Stop tecnico in “bianco”
Ricetta data, ma i lavoratori del mare non possono certo dire di essere contenti di questa soluzione, soprattutto se quest’anno (come sembra) le cose prenderanno lo stesso piede del 2009, con i pescatori costretti allo stop tecnico e non retribuiti dallo Stato. È successo per la prima volta nella storia proprio quest’anno: obbligati a lasciare le barche al porto in cambio di un contributo pari a zero. Non può, di certo, dirsi un affare.
È stata questa la “goccia” che ha permesso di introdurre la soluzione della cassa integrazione nell’ittico. “Anche se – continua Rinaldi – non è stato dato ai lavoratori il minimo garantito (mille euro, ndr) ma appena 650 euro”.

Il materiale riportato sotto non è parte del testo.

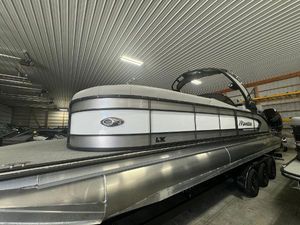 Manitou LX 2025 Manitou LX pontoon boat in a storage facility.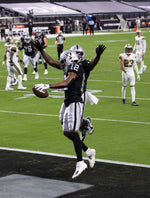 Las Vegas Raiders wide receiver Zay Jones (12) celebrates with Las Vegas Raiders running back Jalen Richard (30) after catching a touchdown pass in the second quarter during an NFL football game with the New Orleans Saints on Sept. 21, 2020, at Allegiant Stadium in Las Vegas. Benjamin Hager/Las Vegas Review-Journal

Per questo e tutta un’altra serie di problemi, recentemente, il sindacato ha mandato una lettera alle istituzioni, alla Provincia in particolare, per organizzare un tavolo sui problemi della pesca e dei lavoratori del mare.
“In quel documento siamo partiti dall’ammortizzatore sociale. Ma bisogna dire che la pesca è colpita, negli ultimi anni, da queste leggi che vengono decise a Bruxelles e che limitano molto il settore. È l’Unione Europea che le inpone per evitare che il prelievo di risorse sia eccessivo, con l’obiettivo di mantenere vivo l’intero settore”.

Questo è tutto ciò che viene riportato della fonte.